Australia's Mineral Resources Ltd. on Wednesday bought at least 12.1% of Aquila at a 10% premium to the price offered by China's state-owned Baosteel Group and partner Aurizon Holdings Ltd., two people familiar with the matter said. The Chinese-led bid values Aquila at 1.4 billion Australian dollars (US$1.3 billion).

Earlier in the day, Aquila had reported that 50 million of its shares changed hands in a block trade carried out at A$3.75 each, followed by additional large transactions at the same price. Baosteel bid A$3.40 a share.

It wasn't immediately clear why Mineral Resources--which has a market value of A$1.9 billion--might have bought the stake. The shares would give the company a chance to influence the development of Aquila's prized iron-ore project in Western Australia, which has an estimated development cost of A$7.4 billion. Mineral Resources also has an iron-ore processing business that could benefit once Aquila's project begins producing.

Aquila's shares rose to more than a two-year high Wednesday, closing at A$3.61 each--some 6% above Baosteel's bid. The Chinese steelmaker and its Australian partner may now face pressure to raise their bid. They may also be wondering whether Mineral Resources is planning its own takeover move on Aquila with an as-yet-undisclosed ally.

Mineral Resources is "dipping their toes into the water with several options," said Gavin Wendt, a Sydney-based analyst at consultancy Minelife, which specializes in the resources industry. "It could be opportunistic and they'll push the Chinese to pay a higher price, or they could see longer-term value in the assets and will want to partner up in getting them developed."

Baosteel, which owns China's largest listed steel mill, bought 15% of Aquila in 2009 when iron-ore prices were rising, and later raised its stake to 20%. It was attracted to Aquila's plans for the new mine, called West Pilbara, which is expected to eventually produce more than 30 million metric tons of iron ore a year.

Baosteel first announced its plan to work with rail-freight hauler Aurizon on a joint takeover offer for Aquila last month. Under the proposal, Baosteel would own as much as 85% of Aquila, which also owns an undeveloped coking-coal prospect in Queensland state. Aurizon would take the remaining interest.
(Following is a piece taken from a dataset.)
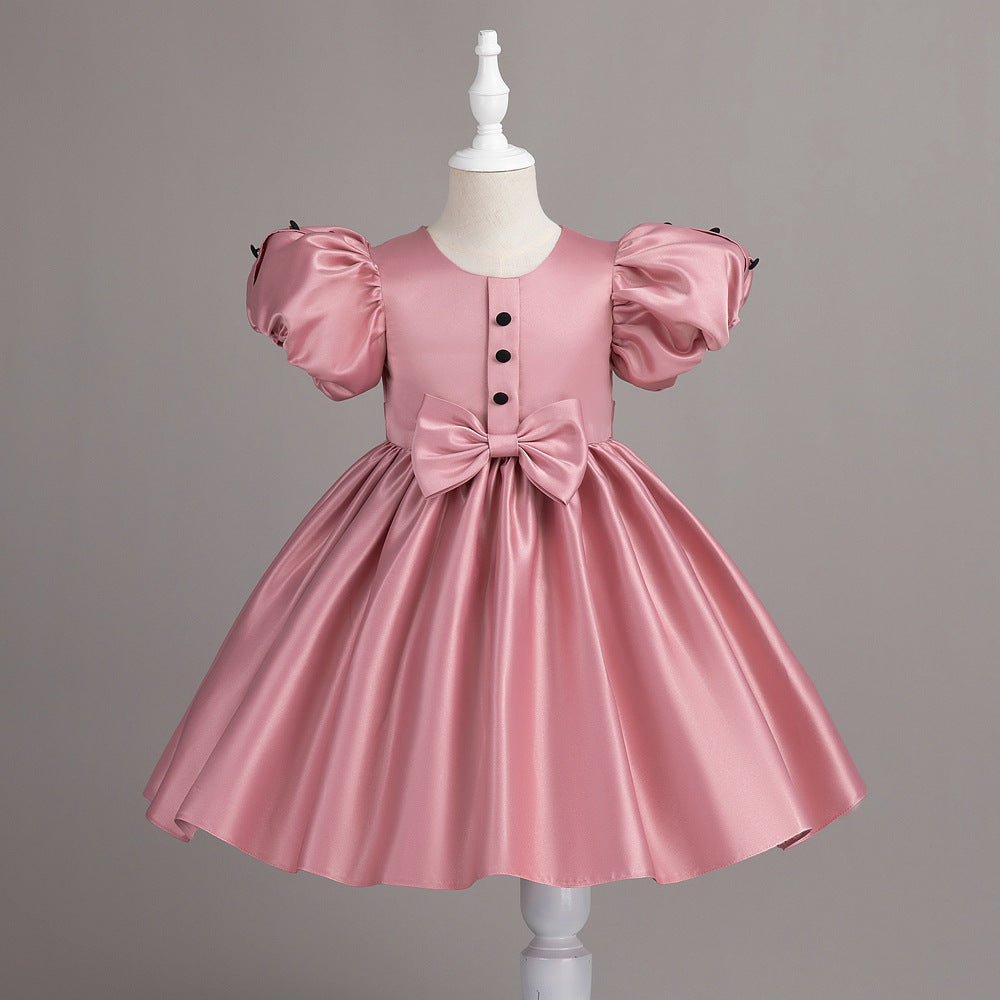 Puff Sleeve Bow Satin Princess Dress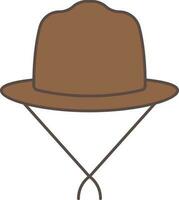 Isolated Camping Hat Icon In Brown Color. vector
Aquila, whose executive chairman and co-founder Tony Poli holds 29% of the company, hasn't so far responded to Baosteel's proposal. The bid was made after Aquila's iron-ore project became steeped in delays and cost blowouts, mirroring other investments by Chinese companies in the mineral-rich Pilbara region of Western Australia.

Mineral Resources, which has placed its shares in a trading halt, wouldn't confirm that it was the buyer in Wednesday's block trade.

Baosteel couldn't immediately be reached for comment.

China has long relied on Australia for the bulk of its iron-ore imports, which are used to make steel for everything from skyscrapers to limousines. Most of the iron ore is shipped to order from large mining companies such as BHP Billiton Ltd. and Rio Tinto PLC, although a small-yet-growing supply line comes from Australian mines bought by state-run Chinese companies in an earlier wave of deals.

Baosteel's takeover proposal underlines the company's re-emergence as a leader in China's steel industry. It is the first state-owned mill to take up Beijing's call, issued in January, for big Chinese resources companies to acquire more iron-ore assets abroad.

The move also highlights Baosteel's willingness to spend on new investments despite weak steel prices and a gloomy outlook for the industry at home. Iron-ore prices recently fell to their lowest level since late 2012, partly because of concerns about China's steel demand.

Traders have also cited concerns about an emerging oversupply of iron ore as large producers continue to expand their Australian mines.